Certified by WERCS Inc

Learn pillar • Intake vs exhaust filters: what each one does

Intake vs exhaust filters: what each one does

A paint booth has filtration on both ends for different reasons. The intake side protects the paint from environmental contamination, dust, fibers, anything that would land in the wet finish. The exhaust side protects the environment from the booth, overspray, atomized coatings, VOC particulate. Both sides are required for the booth to operate as designed; failure on either side has different consequences. Understanding which is which makes troubleshooting and cycle planning straightforward.

Quick answer

Intake filters keep dust and contamination out of the booth, they protect the finish quality. Exhaust filters keep overspray and VOC particulate out of the environment, they're the regulatory containment side. Different media, different replacement cadences, different consequences when either fails.

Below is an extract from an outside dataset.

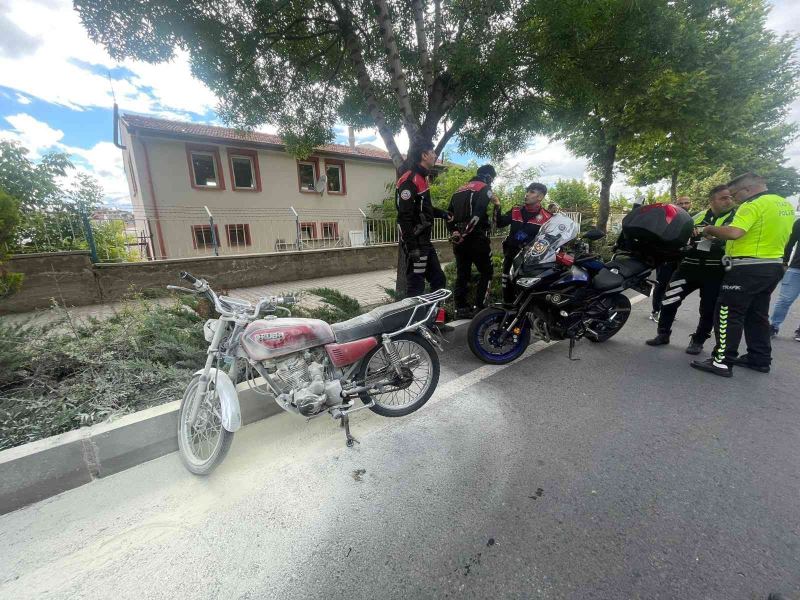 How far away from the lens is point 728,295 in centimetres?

By Ben Kurtz · Filter Fitment Lead, 20+ years in paint-booth service · Updated May 9, 2026

What this means for filter selection

Intake filters sit at the top of the booth (ceiling diffusion in downdraft designs) or on the front wall (intake wall in crossdraft designs). They filter the make-up air entering the booth. Common media: polyester diffusion, fiberglass roll, tacky panel, pleated panel, selection depends on the design and the desired pre-filter staging. The intake media's job is to deliver clean, evenly-distributed air to the spray zone. When intake filters fail (loaded, broken through, or torn), dust enters the booth and lands in the wet paint as nibs, fish-eyes, or finish defects. Cycle compression on the intake side comes mostly from humidity and from upstream AMU pre-filter loading.

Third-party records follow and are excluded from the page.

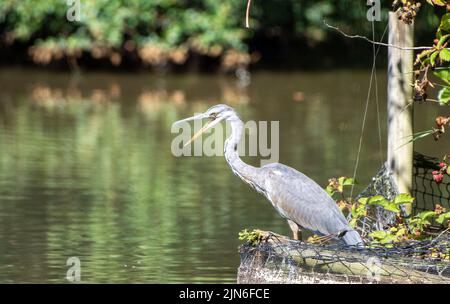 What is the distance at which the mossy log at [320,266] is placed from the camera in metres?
6.89

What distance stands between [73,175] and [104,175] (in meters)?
0.38

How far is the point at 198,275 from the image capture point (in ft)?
28.0

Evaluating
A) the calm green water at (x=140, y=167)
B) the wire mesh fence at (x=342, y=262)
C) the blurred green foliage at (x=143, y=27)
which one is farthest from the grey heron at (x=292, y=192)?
the blurred green foliage at (x=143, y=27)

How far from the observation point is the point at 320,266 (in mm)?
7020

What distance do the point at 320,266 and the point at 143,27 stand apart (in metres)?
18.3

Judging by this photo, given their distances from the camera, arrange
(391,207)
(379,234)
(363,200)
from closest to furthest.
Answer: (391,207) → (379,234) → (363,200)

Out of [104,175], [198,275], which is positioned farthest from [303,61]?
[198,275]

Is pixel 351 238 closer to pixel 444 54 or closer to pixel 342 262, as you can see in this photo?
pixel 342 262

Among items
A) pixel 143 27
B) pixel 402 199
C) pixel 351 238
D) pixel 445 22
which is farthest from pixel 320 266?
pixel 143 27

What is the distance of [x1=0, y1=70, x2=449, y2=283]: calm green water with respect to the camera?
30.2 ft

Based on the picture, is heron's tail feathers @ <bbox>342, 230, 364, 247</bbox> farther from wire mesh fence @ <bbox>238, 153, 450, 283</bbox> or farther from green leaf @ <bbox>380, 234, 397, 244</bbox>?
wire mesh fence @ <bbox>238, 153, 450, 283</bbox>

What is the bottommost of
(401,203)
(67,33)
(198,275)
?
(198,275)

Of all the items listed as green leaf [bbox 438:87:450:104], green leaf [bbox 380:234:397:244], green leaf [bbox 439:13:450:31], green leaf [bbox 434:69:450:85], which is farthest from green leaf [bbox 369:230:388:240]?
green leaf [bbox 439:13:450:31] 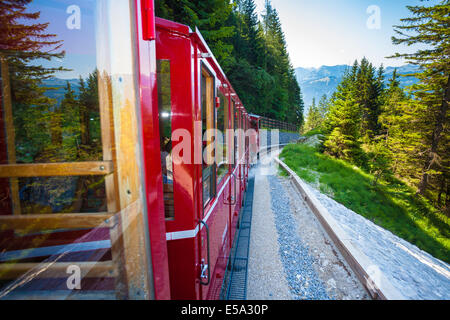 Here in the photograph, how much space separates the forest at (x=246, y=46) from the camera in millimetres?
11625

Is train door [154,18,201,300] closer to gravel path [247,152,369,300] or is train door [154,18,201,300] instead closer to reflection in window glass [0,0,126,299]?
reflection in window glass [0,0,126,299]

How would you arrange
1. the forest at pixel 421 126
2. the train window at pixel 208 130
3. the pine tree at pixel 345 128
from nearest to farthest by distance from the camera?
the train window at pixel 208 130
the forest at pixel 421 126
the pine tree at pixel 345 128

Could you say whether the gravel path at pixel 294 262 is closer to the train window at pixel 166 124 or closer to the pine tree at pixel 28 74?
the train window at pixel 166 124

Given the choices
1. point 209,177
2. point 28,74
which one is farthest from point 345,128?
point 28,74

Exhaust filters sit at the floor pit (downdraft) or rear wall (crossdraft / open-face), wherever the air leaves the booth. They capture the overspray that didn't land on the panel. Common media: loose fiberglass pad, accordion / Andreae paper, polyester pad, paint arrestor sheet, sock or bag filters. The exhaust media's job is twofold: capture overspray to keep it out of the environment (regulatory containment), and protect the exhaust fan and ductwork from clogging. When exhaust filters fail, overspray escapes the booth (NESHAP / OSHA issue) and the fan motor works harder against the loaded media (mechanical wear and increased energy cost).

AMU pre-filters sit upstream of the booth's intake side, at the make-up air handler. They protect the intake-ceiling media from the worst of the outdoor-air contamination and protect the AMU heater from particulate buildup. Sometimes called "pre-filter" or "MERV-rated panel filter" depending on the installation.

Secondary-exhaust filters (where present) sit downstream of the primary exhaust media, providing a second-stage capture before air leaves the building. Required on some higher-throughput permits or specific NESHAP applicability.

Regulatory landscape

The exhaust side carries regulatory weight. NESHAP Subpart HHHHHH (area sources), Subpart IIII (auto OEM major sources), Subpart GG (aerospace) all specify capture-efficiency requirements that the exhaust media must meet. AQMD permits typically reference the exhaust capture spec. Intake-side requirements are less directly regulated but matter for finish quality and for the booth's design specification.

Intake vs exhaust filters: what each one does FAQs

Can I use the same media on intake and exhaust?

No. Intake media is selected for diffusion and dust-blocking; exhaust media is selected for overspray capture and arrestor characteristics. Using the wrong media on either side causes immediate problems.

Which side fails first usually?

Intake side, in most shops — humidity and dust loading typically reach end-of-cycle before overspray loading does on the exhaust side. Exception: very high color-change MSO chains may see exhaust go first.

What's the cost difference between intake and exhaust media?

Intake media is typically the cheaper consumable (smaller area, lower-grade filtration). Exhaust media is the more expensive consumable (higher area, regulatory-grade arrestor). Subscription pricing reflects the difference.

Do I need both intake and exhaust filters always?

Yes — required by every paint booth design specification and every regulatory framework. A booth running without intake filters spreads dust everywhere; a booth running without exhaust filters releases overspray into the environment.

What about the HMI alarm — which filter does it monitor?

Modern HMIs typically monitor differential pressure across each filter position separately. The alarm labels which sensor fired (intake-ceiling, exhaust-pit, AMU pre-filter). Older HMIs may have a single combined airflow alarm.

How do I tell which side a finish defect came from?

Defects from intake-side failure show up as dust nibs early in the spray cycle, often concentrated in the airflow shadow zones. Defects from exhaust-side failure show up as overspray re-entry around the door seals, plus surface contamination from booth-pressure inversion (positive pressure pushing contaminants in).